Mathias et Emmanuel Roux ne peuvent que constater : les revues comme Society, et son numéro spécial Xavier Dupont de Ligonnès, les récits-enquêtes, les True Crimes se multiplient et sont souvent des succès hors normes. Les auteurs nous proposent quelques grandes idées et de grands philosophes, pour nous aider à comprendre cette fascination, et à nous aider, dans le même temps, à mieux comprendre ce concept de fait-divers. Quels enchaînements d'événements, avec quelles causes, sont susceptibles d’être classés dans le genre, et de retenir notre attention à ce point.
Les deux auteurs constatent que les faits-divers fascinent intellectuels et écrivains
Dans le prolongement de notre propre fascination, cette sorte de réflexe qui nous pousse à regarder un accident de voiture, par exemple. Roland Barthes est souvent cité. On y croise Marguerite Duras qui arrive à Lépanges-sur-Vologne avec un journaliste de Libération devant la maison des Villemin, les parents du petit Grégory, et qui, telle une pythie en regardant le pavillon, décrète la culpabilité de Christine Villemin. "Sublime, forcément sublime Christine V", on se souvient du scandale, et c’est dire à quelle dérive les faits-divers peuvent mener.
Les deux auteurs rappellent que beaucoup de grands procès ont été suivis par de grandes plumes, Giono pour le procès Dominici, Kessel au procès Pétain, avec parfois aussi l’envie, de la part de ces intellectuels, de défendre un point de vue ou de combattre une injustice.

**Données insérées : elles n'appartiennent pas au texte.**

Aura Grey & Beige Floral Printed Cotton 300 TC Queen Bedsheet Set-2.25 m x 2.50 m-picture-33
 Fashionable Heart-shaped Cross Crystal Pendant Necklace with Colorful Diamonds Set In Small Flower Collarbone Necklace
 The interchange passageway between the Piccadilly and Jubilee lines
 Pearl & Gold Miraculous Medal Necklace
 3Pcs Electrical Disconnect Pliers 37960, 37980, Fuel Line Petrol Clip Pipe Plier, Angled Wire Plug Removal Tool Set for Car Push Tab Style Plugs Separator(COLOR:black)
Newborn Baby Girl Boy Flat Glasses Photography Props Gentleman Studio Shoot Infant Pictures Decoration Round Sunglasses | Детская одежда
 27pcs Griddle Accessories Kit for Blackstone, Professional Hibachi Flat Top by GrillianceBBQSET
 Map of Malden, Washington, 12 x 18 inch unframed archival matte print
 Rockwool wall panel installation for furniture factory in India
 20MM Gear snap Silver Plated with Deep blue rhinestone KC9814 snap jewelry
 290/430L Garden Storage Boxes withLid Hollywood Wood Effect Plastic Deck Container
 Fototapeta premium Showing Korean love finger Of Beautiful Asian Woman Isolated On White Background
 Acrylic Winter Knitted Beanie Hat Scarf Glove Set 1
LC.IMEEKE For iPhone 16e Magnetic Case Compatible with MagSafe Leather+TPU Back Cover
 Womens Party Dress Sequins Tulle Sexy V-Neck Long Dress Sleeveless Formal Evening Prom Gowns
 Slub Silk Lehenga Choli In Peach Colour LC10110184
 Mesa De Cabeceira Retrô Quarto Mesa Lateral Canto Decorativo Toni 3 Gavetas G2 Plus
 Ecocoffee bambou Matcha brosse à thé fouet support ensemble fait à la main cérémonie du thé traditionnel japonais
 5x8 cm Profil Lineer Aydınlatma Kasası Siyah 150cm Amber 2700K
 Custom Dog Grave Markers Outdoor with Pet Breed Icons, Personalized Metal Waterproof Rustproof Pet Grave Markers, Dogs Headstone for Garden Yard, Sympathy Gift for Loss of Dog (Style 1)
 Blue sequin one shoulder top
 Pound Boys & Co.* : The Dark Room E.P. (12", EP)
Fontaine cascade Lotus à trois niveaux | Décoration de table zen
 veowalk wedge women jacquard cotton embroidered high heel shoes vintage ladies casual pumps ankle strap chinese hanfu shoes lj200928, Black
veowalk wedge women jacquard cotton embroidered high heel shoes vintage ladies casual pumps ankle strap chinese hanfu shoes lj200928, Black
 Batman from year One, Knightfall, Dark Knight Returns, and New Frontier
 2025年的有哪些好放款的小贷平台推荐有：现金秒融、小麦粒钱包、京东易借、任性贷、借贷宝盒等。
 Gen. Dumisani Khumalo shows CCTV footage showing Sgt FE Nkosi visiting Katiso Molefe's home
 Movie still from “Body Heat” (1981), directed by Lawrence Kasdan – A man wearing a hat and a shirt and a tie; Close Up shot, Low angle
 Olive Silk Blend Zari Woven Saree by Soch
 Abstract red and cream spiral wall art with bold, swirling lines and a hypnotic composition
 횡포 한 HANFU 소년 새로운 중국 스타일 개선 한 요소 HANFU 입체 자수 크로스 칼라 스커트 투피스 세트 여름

Mathias et Emmanuel Roux examinent tous les aspects de notre fascination, y compris à l’extrême, comment et pourquoi tant de criminels ont ce pouvoir de séduction ? Anders Breivik reçoit, paraît-il, 800 lettres d’amour par mois. Rappelons qu’il a tué sans états d’âme et sans regrets, 77 personnes en Norvège, en 2011. Certains se marient même, comme Fourniret, qui a rencontré Monique Olivier quand il était derrière les barreaux. Elle est devenue sa complice. On parle alors du syndrome 'Bonnie and Clyde'.
Cette admiration pour les criminels a même un mot savant pour la définir. Ça s’appelle l'hybristophilie : c’est-à-dire aimer ce qui commet un outrage pour autrui. C'est éclairant, parfois ardu, mais toujours passionnant. Une lecture recommandée pour comprendre notre curiosité.